● WORK ORDER: Go to the line with "This is what" in the entries below and write out every line from there through the line with "Another question: is", exactly and without pictures.

● PROVIDED DATA:
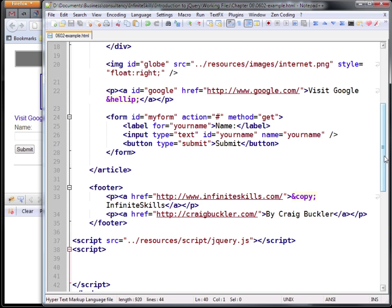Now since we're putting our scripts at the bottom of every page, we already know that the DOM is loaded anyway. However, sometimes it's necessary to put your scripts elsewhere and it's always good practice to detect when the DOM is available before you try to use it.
--
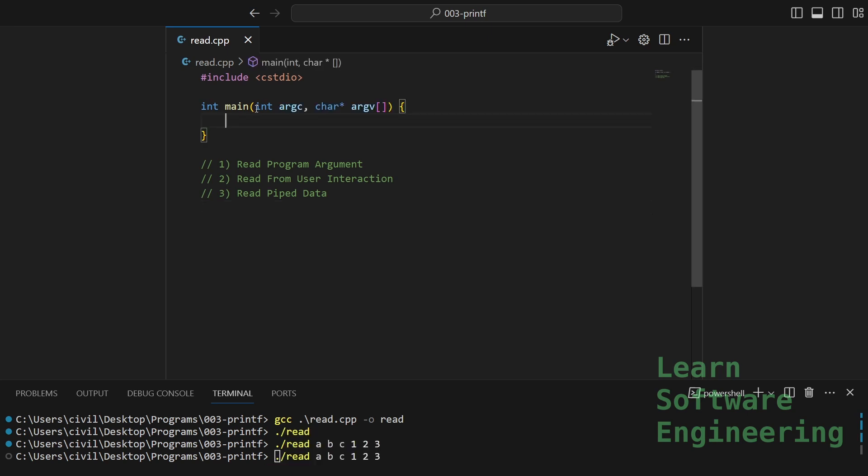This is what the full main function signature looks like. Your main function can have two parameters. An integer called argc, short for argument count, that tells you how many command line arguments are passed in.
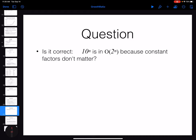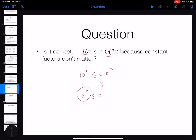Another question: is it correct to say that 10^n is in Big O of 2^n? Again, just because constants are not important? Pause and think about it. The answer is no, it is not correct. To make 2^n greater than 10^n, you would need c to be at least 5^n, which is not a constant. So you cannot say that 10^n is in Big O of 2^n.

● ANSWER BOX:
This is what the full main function signature looks like. Your main function can have two parameters. An integer called argc, short for argument count, that tells you how many command line arguments are passed in.
Another question: is it correct to say that 10^n is in Big O of 2^n? Again, just because constants are not important? Pause and think about it. The answer is no, it is not correct. To make 2^n greater than 10^n, you would need c to be at least 5^n, which is not a constant. So you cannot say that 10^n is in Big O of 2^n.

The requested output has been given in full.